In contrast, my final few hours in BsAs were a frustrating web of prejudice: a co-worker of my barber told him to "take advantage" of having a foreigner in his chair; the cabbie cheated me out of 5 pesos, saying it was "nothing to me" (it probably wasn't); the immigration officer, after seeing my passport, growled at me for giving him the wrong forms; and when I paid the airport tax, the cashier wanted exact change and felt obligated to show me the price using her hands and to condescendingly say it aloud in English
The study abroad students I hung out with in BsAs told me that the Porteños, while friendly, also felt distinctly better and more cultured than Americans-and that they wouldn't hesitate to say so. I never saw that, but I felt close to it.
One of the beautiful things about Chileans is the way they can laugh at themselves, and at their history-even if they won't do it aloud. Pedro de Valdivia, Chile's conqueror, arranged the Chilean expedition illegally, and only fooled 11 people into coming to the dangerous land down south, where there was little gold. Bernardo O'Higgins, Chile's "liberator" was a bastard child of the governor of Chile, lost every battle he ever fought in, and eventually had to flee across the Andes to get help from his Argentine friends (José San Martín, in particular). The Argentines won their battles decisively, and resoundingly kicked the Spanish army out of the country before moving on to Perú. Little Bernardo had to stay behind and run this dump, some joke.

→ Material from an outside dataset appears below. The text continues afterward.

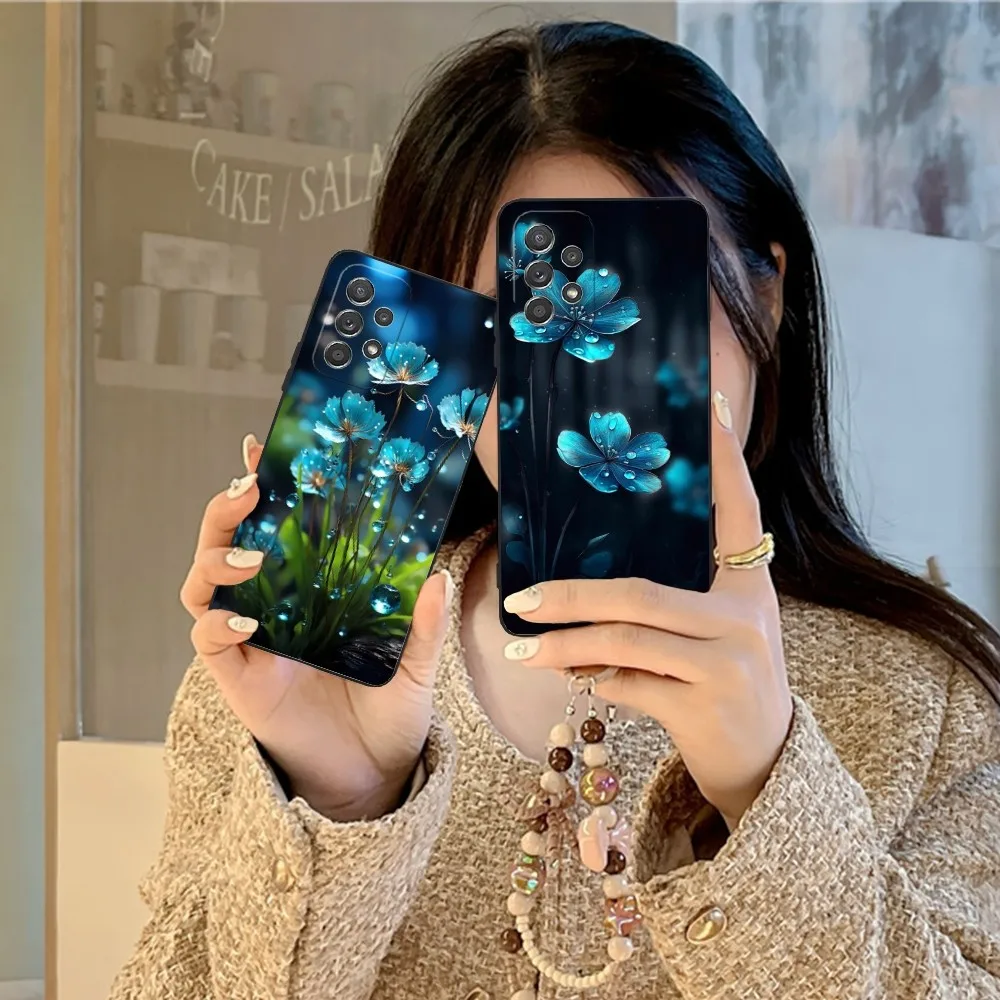Dew Leaves Flowers Mobile Cell Phone Case For Samsung Galaxy A91 70 54 53 52 34 24 21 Note 20 10 M54 Plus Ultra 5G Black Cover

Sometimes Chileans show a certain inferiority complex: they're never be as European or cultured as Argentines, they don't have the history of Peru or Bolivia
And when I go through my ups and downs here in Santiago-which I have kept, for the most part, out of this journal-I try and find the positives. I realize now that, if I were studying in the United States right now (or anywhere, for that matter), I would go through similar mid-semester blues. The tensions I feel now might surge from different roots or might be directed at different people (my host family and my fellow study abroad-ers instead of my Georgetown friends), but they would have been just as strong and just as frustrating stateside.
And I've gone through crises (My study abroad friends and I will, in fact, joke about how we forced an existential crisis upon ourselves by studying abroad). I'm unsure now, for example, about my desire to become a foreign correspondent-something I'd set my sights on as early as seventh grade. The State Department, in fact, is beginning to look quite attractive. I've come to peace with the notion of working for The Man.
Here, I've come to appreciate the comforts of living in America far more, though they are not terribly different from what I have here
But studying abroad was the right choice, and I realize this now, because these tribulations produce results-instead of feeling trapped in a routine, or simply tired of school, I am learning about myself (you knew that line was coming), about my deeply-ingrained identity as an American and maybe about another culture ... I may be out of my element, but I'm not languishing, and I plan to take home everything that I find here.
I'll admit, though, that my plans to grow a long, flowing, Chilean mullet have languished. I hope that doesn't break your heart.